The US company Drummond is under new investigation for involvement in the 2001 murders of two Colombian trade union leaders it employed at a coalmine located in the department of Cesar, northern Colombia.
Valmore Locarno, 42, and Victor Hugo Orcasita, 36, were killed by the paramilitary organisation United Self-Defence Forces of Colombia (AUC). They were abducted from a company bus as they returned home from a shift at the mine. Locarno was shot dead in front of his colleagues, while Orcasita was taken away. His body was found the next day with signs of torture. Locarno was the president and Orcasita the vice-president of the Sintraminergetica mine workers union.
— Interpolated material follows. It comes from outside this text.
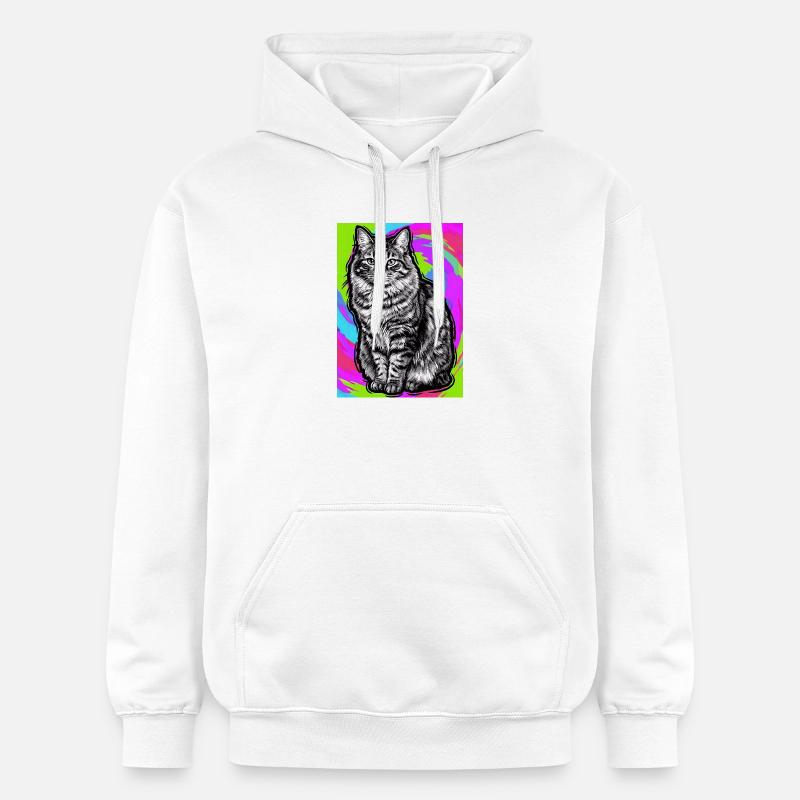 chat - Sweat à capuche Softstyle® Gildan Unisexe - blanc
The Colombian investigation focuses on payments allegedly made to José Blanco, a middleman who was convicted over the killings in 2013.
Drummond is one of the largest exporters of Colombian coal, the country’s second main export commodity after oil. In 2003, the widows of Locarno and Orcasita, as well as the widow of Gustavo Soler, sued Drummond over the killings. Soler succeeded Locarno as union president and was himself kidnapped, tortured and murdered by paramilitaries a few months later. In 2007, a court in Alabama, where Drummond is based, ruled that the company was not liable in the deaths.
Five years ago, Drummond was fined $3.6 million dollars and saw some of its operations suspended after it was caught dumping hundreds of tonnes of coal into the Caribbean Sea off the city of Santa Marta.
According to reports, at least eight Drummond officials will be required to provide evidence to the investigation. The company denies any wrongdoing.